▶ [ACTION ITEM] Please give the entries below again exactly, omitting every picture.

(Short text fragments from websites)
════════════════════

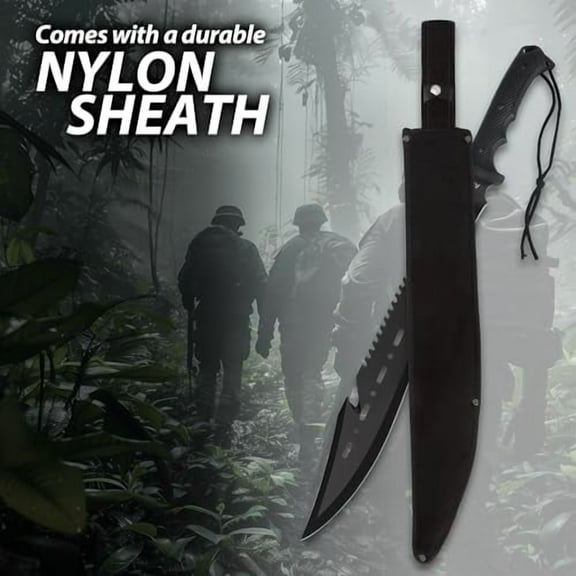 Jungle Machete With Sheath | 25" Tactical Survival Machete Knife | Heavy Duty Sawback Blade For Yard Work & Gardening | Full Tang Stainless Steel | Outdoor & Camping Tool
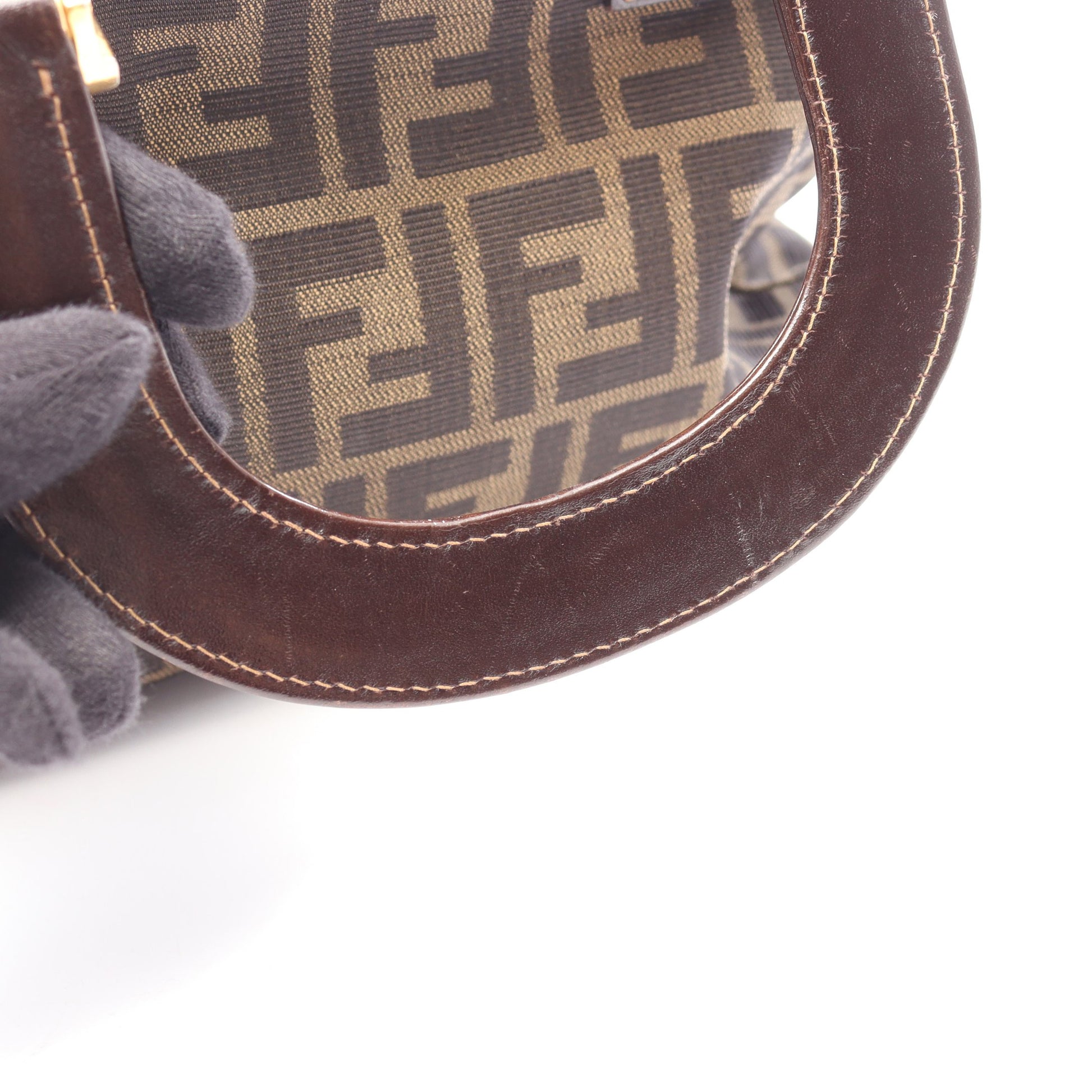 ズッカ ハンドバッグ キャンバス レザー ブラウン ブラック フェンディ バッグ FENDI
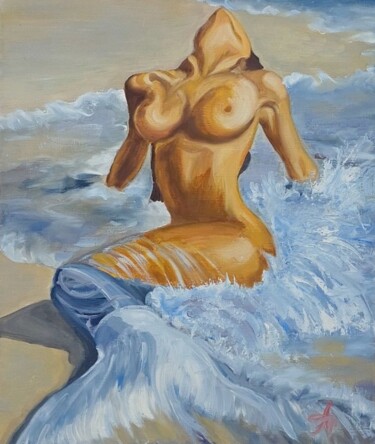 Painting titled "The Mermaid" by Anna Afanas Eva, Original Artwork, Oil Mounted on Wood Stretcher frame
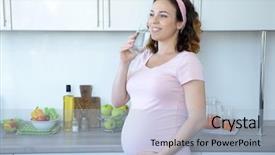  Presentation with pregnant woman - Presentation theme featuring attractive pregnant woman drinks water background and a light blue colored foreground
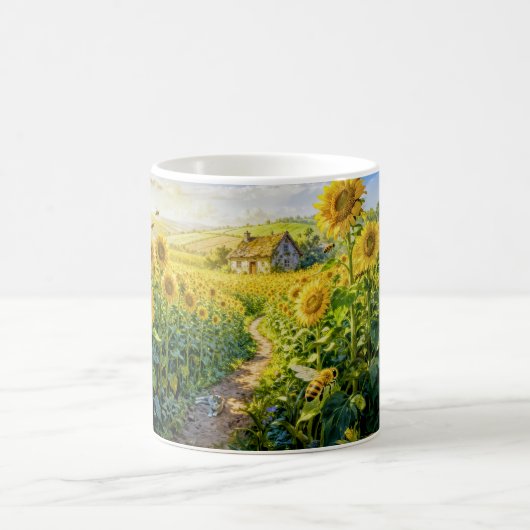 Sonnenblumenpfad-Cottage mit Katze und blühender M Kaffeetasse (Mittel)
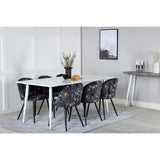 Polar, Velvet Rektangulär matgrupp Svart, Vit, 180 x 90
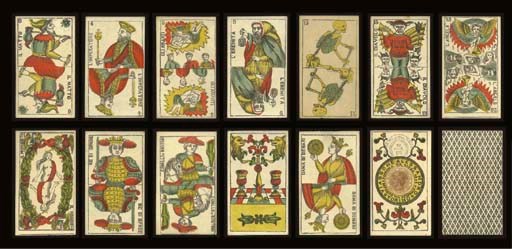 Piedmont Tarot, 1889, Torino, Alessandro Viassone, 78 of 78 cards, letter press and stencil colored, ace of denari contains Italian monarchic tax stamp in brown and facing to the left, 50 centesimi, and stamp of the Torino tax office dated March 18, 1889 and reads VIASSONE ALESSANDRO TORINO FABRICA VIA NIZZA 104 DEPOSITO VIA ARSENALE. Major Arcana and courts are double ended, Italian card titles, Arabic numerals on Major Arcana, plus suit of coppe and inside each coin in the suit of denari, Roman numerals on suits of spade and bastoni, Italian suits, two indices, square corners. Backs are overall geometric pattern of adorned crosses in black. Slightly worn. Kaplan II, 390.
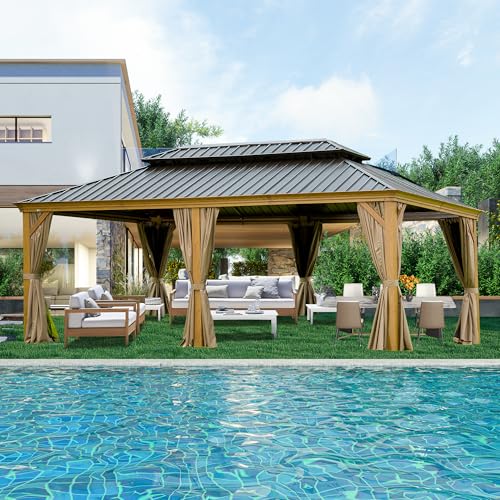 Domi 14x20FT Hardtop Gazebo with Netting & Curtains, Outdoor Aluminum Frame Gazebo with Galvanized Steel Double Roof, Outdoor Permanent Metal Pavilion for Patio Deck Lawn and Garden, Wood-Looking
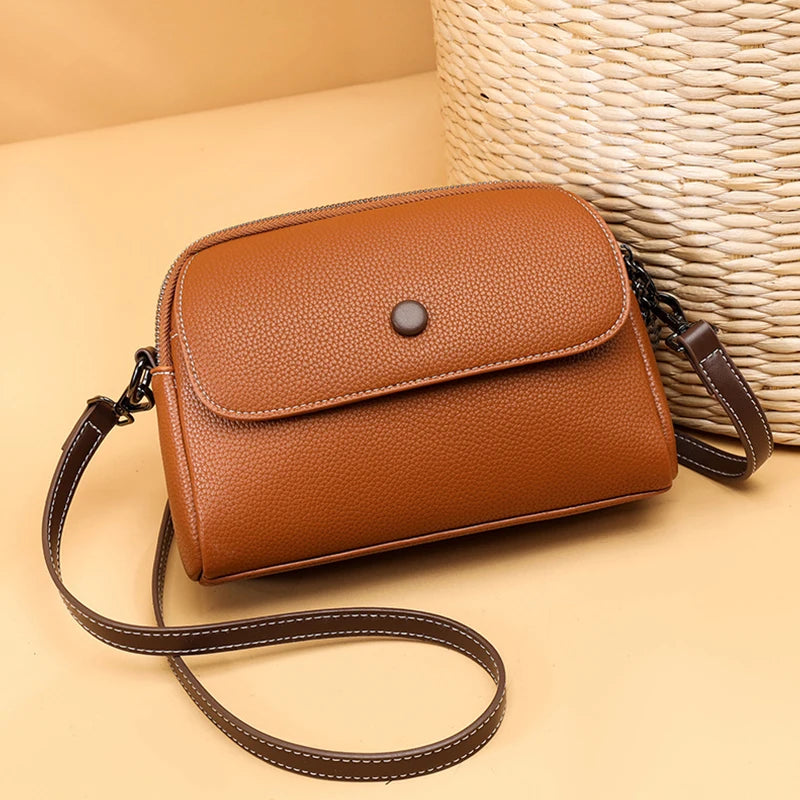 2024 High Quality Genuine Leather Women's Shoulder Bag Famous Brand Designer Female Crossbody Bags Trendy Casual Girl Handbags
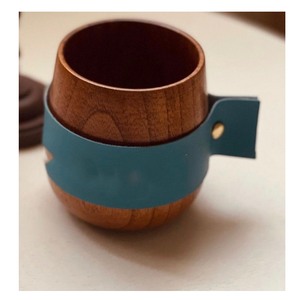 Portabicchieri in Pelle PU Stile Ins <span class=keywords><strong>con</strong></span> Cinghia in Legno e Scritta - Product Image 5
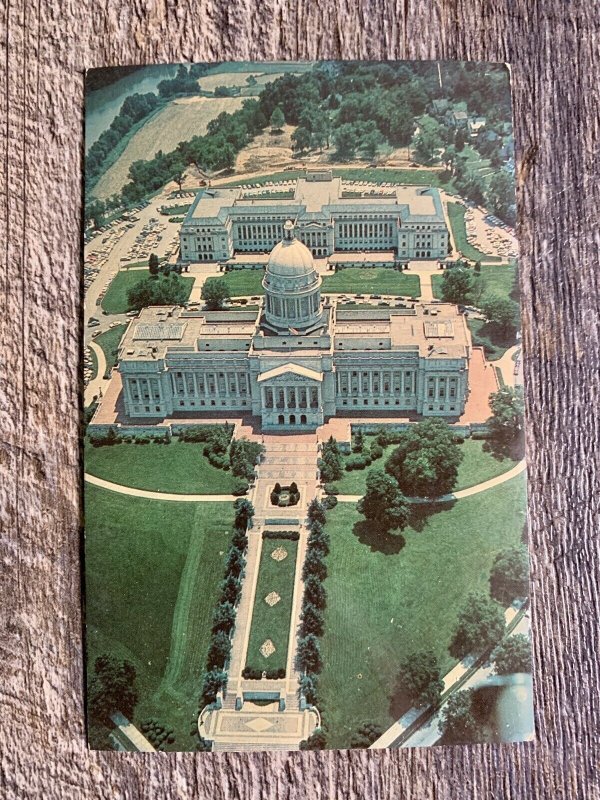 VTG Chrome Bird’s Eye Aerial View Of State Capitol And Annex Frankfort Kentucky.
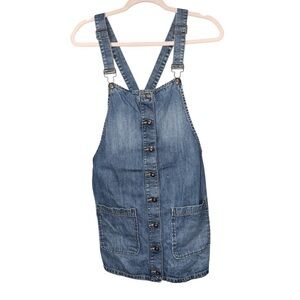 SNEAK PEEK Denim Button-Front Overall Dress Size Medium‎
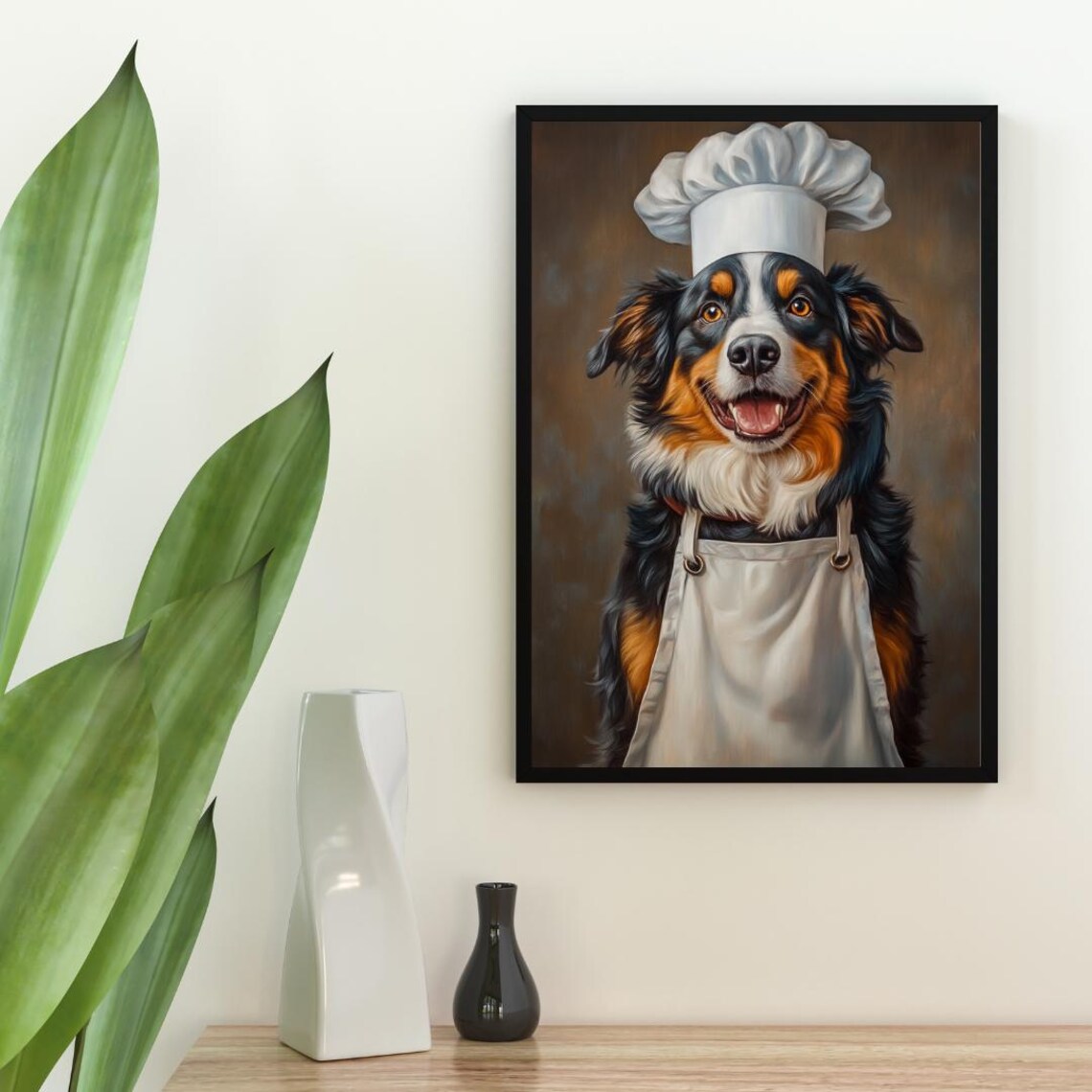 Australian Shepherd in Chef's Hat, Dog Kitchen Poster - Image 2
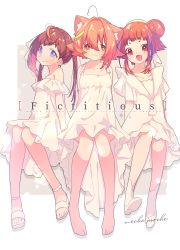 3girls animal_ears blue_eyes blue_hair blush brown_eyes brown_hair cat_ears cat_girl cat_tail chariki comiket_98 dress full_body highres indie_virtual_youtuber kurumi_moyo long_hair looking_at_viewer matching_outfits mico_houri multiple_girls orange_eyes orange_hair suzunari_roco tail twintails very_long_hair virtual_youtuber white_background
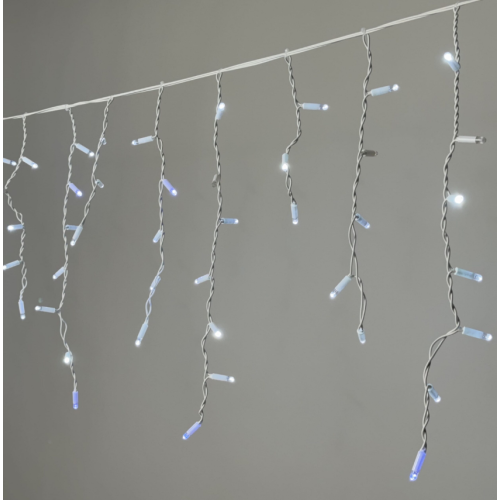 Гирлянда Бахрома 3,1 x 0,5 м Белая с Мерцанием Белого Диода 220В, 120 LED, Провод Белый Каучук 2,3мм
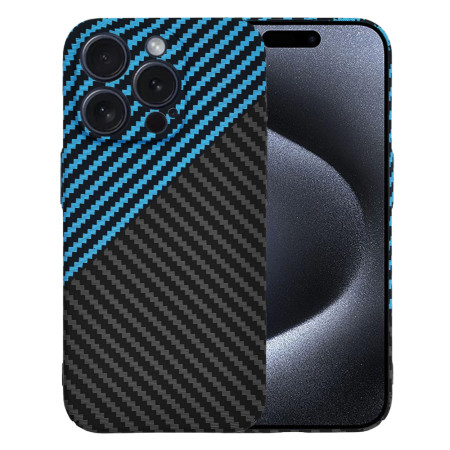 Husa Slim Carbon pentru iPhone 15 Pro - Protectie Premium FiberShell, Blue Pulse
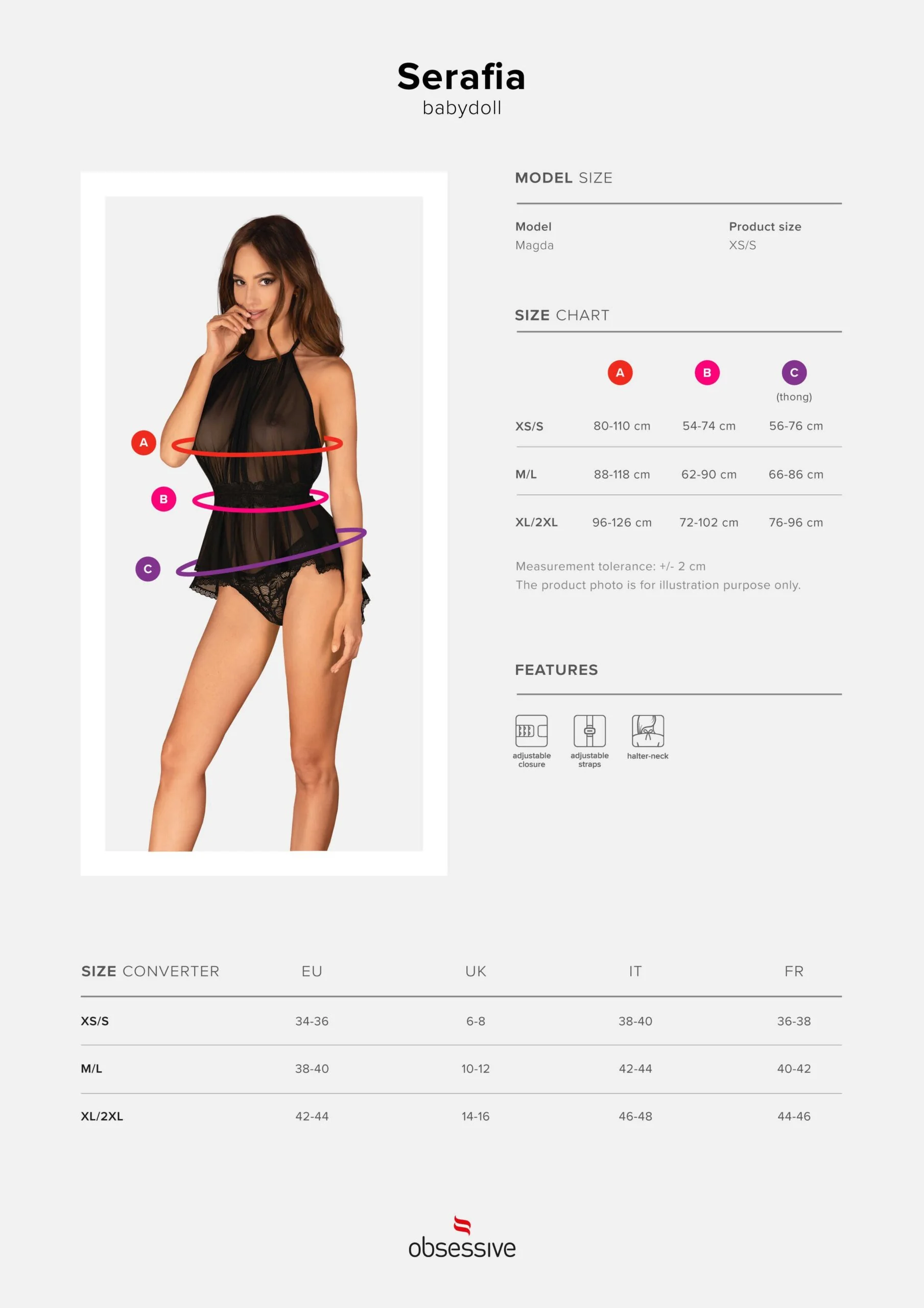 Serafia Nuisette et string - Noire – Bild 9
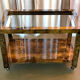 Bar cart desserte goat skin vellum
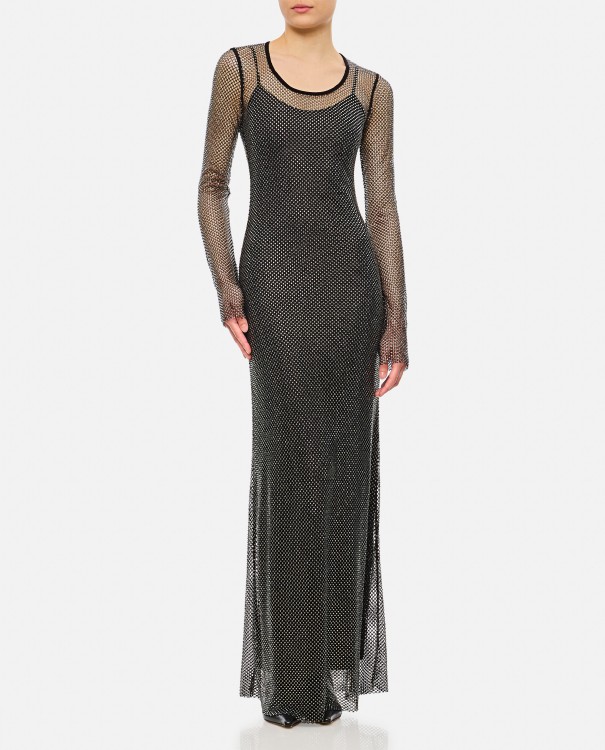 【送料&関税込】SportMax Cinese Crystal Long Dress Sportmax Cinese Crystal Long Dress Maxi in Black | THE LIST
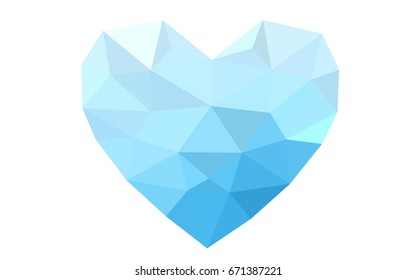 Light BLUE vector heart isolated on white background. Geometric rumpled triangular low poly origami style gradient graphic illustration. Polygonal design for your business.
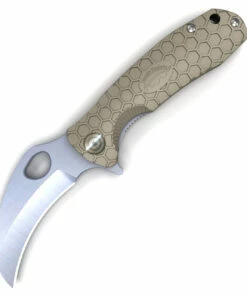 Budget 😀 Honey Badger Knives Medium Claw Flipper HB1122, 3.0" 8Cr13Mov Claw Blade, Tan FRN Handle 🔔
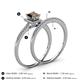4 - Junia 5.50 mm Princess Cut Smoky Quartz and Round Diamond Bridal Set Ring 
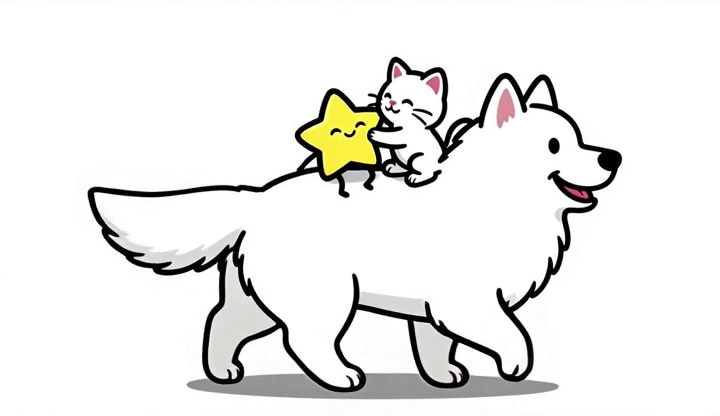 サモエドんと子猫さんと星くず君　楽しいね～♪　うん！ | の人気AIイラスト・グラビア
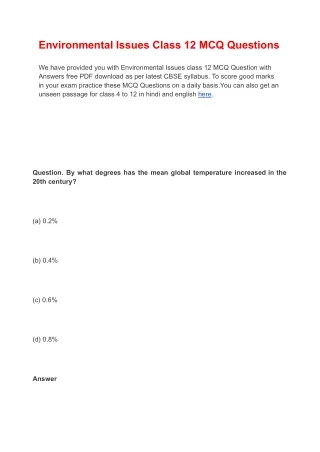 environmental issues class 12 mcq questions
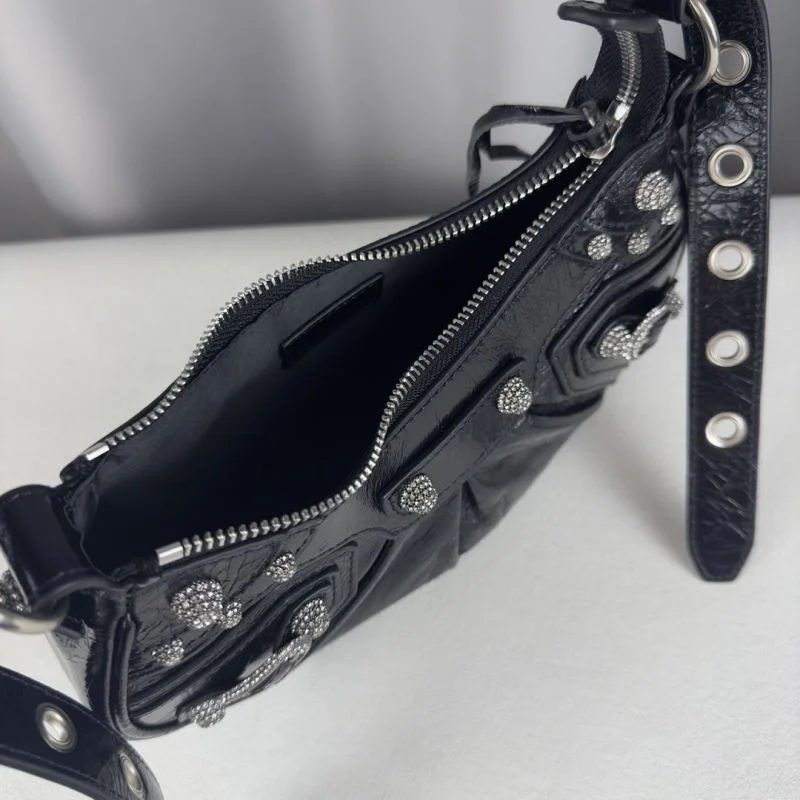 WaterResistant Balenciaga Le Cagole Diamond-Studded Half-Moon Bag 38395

════════════════════

▶ [ANSWER SECTION]
 Jungle Machete With Sheath | 25" Tactical Survival Machete Knife | Heavy Duty Sawback Blade For Yard Work & Gardening | Full Tang Stainless Steel | Outdoor & Camping Tool
 ズッカ ハンドバッグ キャンバス レザー ブラウン ブラック フェンディ バッグ FENDI
 Painting titled "The Mermaid" by Anna Afanas Eva, Original Artwork, Oil Mounted on Wood Stretcher frame
  Presentation with pregnant woman - Presentation theme featuring attractive pregnant woman drinks water background and a light blue colored foreground
 Sonnenblumenpfad-Cottage mit Katze und blühender M Kaffeetasse (Mittel)
 Polar, Velvet Rektangulär matgrupp Svart, Vit, 180 x 90
 Piedmont Tarot, 1889, Torino, Alessandro Viassone, 78 of 78 cards, letter press and stencil colored, ace of denari contains Italian monarchic tax stamp in brown and facing to the left, 50 centesimi, and stamp of the Torino tax office dated March 18, 1889 and reads VIASSONE ALESSANDRO TORINO FABRICA VIA NIZZA 104 DEPOSITO VIA ARSENALE. Major Arcana and courts are double ended, Italian card titles, Arabic numerals on Major Arcana, plus suit of coppe and inside each coin in the suit of denari, Roman numerals on suits of spade and bastoni, Italian suits, two indices, square corners. Backs are overall geometric pattern of adorned crosses in black. Slightly worn. Kaplan II, 390.
 Domi 14x20FT Hardtop Gazebo with Netting & Curtains, Outdoor Aluminum Frame Gazebo with Galvanized Steel Double Roof, Outdoor Permanent Metal Pavilion for Patio Deck Lawn and Garden, Wood-Looking
 2024 High Quality Genuine Leather Women's Shoulder Bag Famous Brand Designer Female Crossbody Bags Trendy Casual Girl Handbags
 Portabicchieri in Pelle PU Stile Ins <span class=keywords><strong>con</strong></span> Cinghia in Legno e Scritta - Product Image 5
 VTG Chrome Bird’s Eye Aerial View Of State Capitol And Annex Frankfort Kentucky.
 SNEAK PEEK Denim Button-Front Overall Dress Size Medium‎
 Australian Shepherd in Chef's Hat, Dog Kitchen Poster - Image 2
 3girls animal_ears blue_eyes blue_hair blush brown_eyes brown_hair cat_ears cat_girl cat_tail chariki comiket_98 dress full_body highres indie_virtual_youtuber kurumi_moyo long_hair looking_at_viewer matching_outfits mico_houri multiple_girls orange_eyes orange_hair suzunari_roco tail twintails very_long_hair virtual_youtuber white_background
 Гирлянда Бахрома 3,1 x 0,5 м Белая с Мерцанием Белого Диода 220В, 120 LED, Провод Белый Каучук 2,3мм
 Husa Slim Carbon pentru iPhone 15 Pro - Protectie Premium FiberShell, Blue Pulse
 Serafia Nuisette et string - Noire – Bild 9
 Bar cart desserte goat skin vellum
 【送料&関税込】SportMax Cinese Crystal Long Dress Sportmax Cinese Crystal Long Dress Maxi in Black | THE LIST
 Light BLUE vector heart isolated on white background. Geometric rumpled triangular low poly origami style gradient graphic illustration. Polygonal design for your business.
 Budget 😀 Honey Badger Knives Medium Claw Flipper HB1122, 3.0" 8Cr13Mov Claw Blade, Tan FRN Handle 🔔
4 - Junia 5.50 mm Princess Cut Smoky Quartz and Round Diamond Bridal Set Ring 
 サモエドんと子猫さんと星くず君　楽しいね～♪　うん！ | の人気AIイラスト・グラビア
 environmental issues class 12 mcq questions
 WaterResistant Balenciaga Le Cagole Diamond-Studded Half-Moon Bag 38395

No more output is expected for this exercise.